NSS also looked at “zero hour” protection, which is how long it takes for each browser to block brand new threats once they’ve been introduced into the test.
For zero-hour SEM, Chrome started at 75% before climbing to a peak of 95% after seven days, while Firefox started at 54%, climbing to a peak rate of only 80% over the same period. Compare that to Edge which managed a steady 99.8% from hour one.
For zero-hour phishing URLs, the results weren’t quite as wide, but even here Edge started at 82% to Chrome’s 59% and Firefox’s 51%. Firefox clawed back some of the gap by day seven, scoring a peak rate of 81% to Chrome’s weakening 65%, but still ended up lagging Edge’s 89%.
These differences sound significant but how seriously should we take them?
There are only two variables here, the first of which is NSS Labs’ test methodology. We’ll ignore that, partly because assessing security testing methodologies could consume an entire article on its own but also because there’s a better candidate – the cloud-based blacklists of files and URLs these browsers use to decide what’s trustworthy and what’s not.

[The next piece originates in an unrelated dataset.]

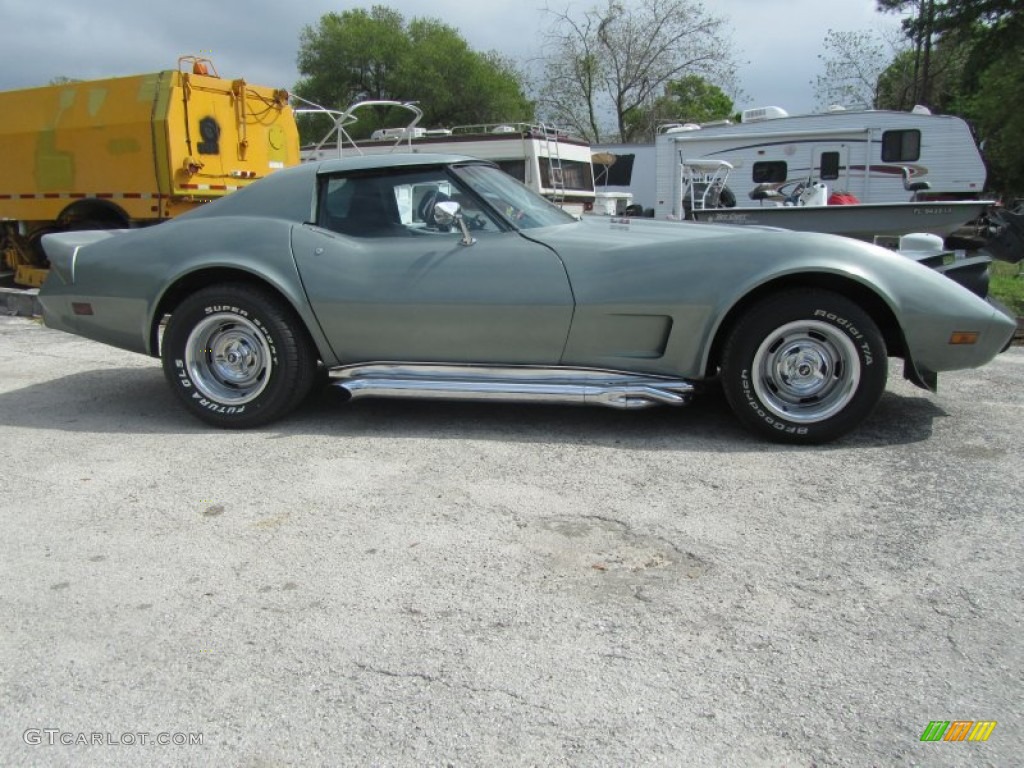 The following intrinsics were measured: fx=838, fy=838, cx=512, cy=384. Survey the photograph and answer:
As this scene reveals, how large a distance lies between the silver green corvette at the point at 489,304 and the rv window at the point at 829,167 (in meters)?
12.6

Edge uses Microsoft’s SmartScreen (also used by Internet Explorer), while Chrome and Firefox use Google’s Safe Browsing API (also used by Apple’s Safari, Opera and Vivaldi as well by other Google services such as Gmail).
As far as the NSS tests are concerned, we shouldn’t be surprised that SmartScreen performs better than the Safe Browsing API because that’s been the case ever since the company started testing browser SEM blocking performance some years ago.
We might speculate that Microsoft’s vast Windows base gives it an advantage over Google when it comes to gathering intelligence on malware, although that doesn’t explain why it still beats Google at spotting dodgy URLs which both should, in theory, see equally well.
The difference between Edge and Chrome seems to hold true even when they’re running on other platforms, for example when Windows 10 S (which runs only Windows Store apps) is pitted against the Chromebook, Google’s cloud-oriented computers running Chrome OS.
Here, Edge scored a 92% success rate against phishing URLs while Chrome achieved 75%, both scores identical to the same browsers running on Window 10.
Because they don’t run executables, Chromebooks are undoubtedly superior to Windows computers against SEM malware but when it comes to URL detection, these tests suggest they lag.
An interesting question is what all this means for companies using more than one browser, either for compatibility reasons (i.e. older versions of Internet Explorer) or because they fear being exposed to a specific security vulnerability affecting one.
That’s a complex judgment not assessed by NSS Labs but it shouldn’t escape our notice that Edge came last in the CanSecWest Pwn2Own contest earlier this year in terms of contestants finding exploitable software flaws.
These phishing and SEM tests are not the whole story.
In the end, focussing on browser security technology might be to miss the point that devices of all kinds come with other security layers, chief among them their users.
Which is to say that while the person using a computer can be a weakness, they could, if properly trained, also be a strength. Whatever the differences between one browser and another, performance scores should never be seen as compensation for more fundamental weaknesses.